Principal indicateur économique de la semaine aux États-Unis, le rapport du département du Travail s'est révélé contrasté pour le mois de janvier, en faisant certes état d'une chute inattendue des créations d'emplois, mais aussi d'une décrue du chômage à son plus bas niveau en 8 ans.

Pour aggraver encore la confusion, certains observateurs estiment que ce sont les bonnes nouvelles du rapport, dont une nette avancée des salaires, qui ont plombé le marché, car elles pourraient pousser la Réserve fédérale (Fed), la banque centrale américaine, à poursuivre à un rythme soutenu le retrait de son soutien à l'économie, entamé en décembre avec sa première hausse de taux depuis 2006.

«On craint que la Fed regarde tout cela et décide de relever encore ses taux, peut-être dès mars», date de sa prochaine réunion de politique monétaire, a avancé Bill Lynch, de Hinsdale Associates, se montrant toutefois lui aussi interloqué par la réaction brutale de Wall Street.

Depuis le début de la semaine, les responsables de la banque centrale avaient plutôt multiplié les déclarations prudentes sur le sujet, ce qui a d'ailleurs contribué à rendre la Bourse instable plus qu'à la rassurer, et peu d'observateurs se laissent désormais aller à essayer de prévoir son attitude face aux chiffres de vendredi.

«La seule chose qui me semble cohérente» pour expliquer la chute des indices, «c'est que la Fed est bien décidée à monter ses taux, alors que l'économie montre des signes de faiblesses et que les gens s'inquiètent de la voir plonger en récession», a commenté M. Skrainka.
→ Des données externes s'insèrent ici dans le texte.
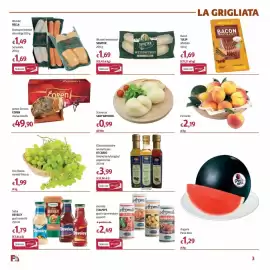 Volantino Futura Supermercati Pagina 3: Scamorza SANT'ANTONIO €0,99, Jamon Serrano COREN €49,90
Il estimait par ailleurs que la performance particulièrement mauvaise du Nasdaq s'expliquait par le fait que les investisseurs perdent de plus en plus confiance dans les titres à fort potentiel de croissance - largement répandus dans le secteur technologique - et se tournaient vers des valeurs plus traditionnelles, à l'écart moins élevé entre leurs bénéfices réels et leur capitalisation boursière.

Le marché obligataire avançait très légèrement. Vers 16 h 20, le rendement des bons du Trésor à dix ans baissait à 1,843% contre 1,852% jeudi soir, et celui des bons à 30 ans à 2,680% contre 2,682% précédemment.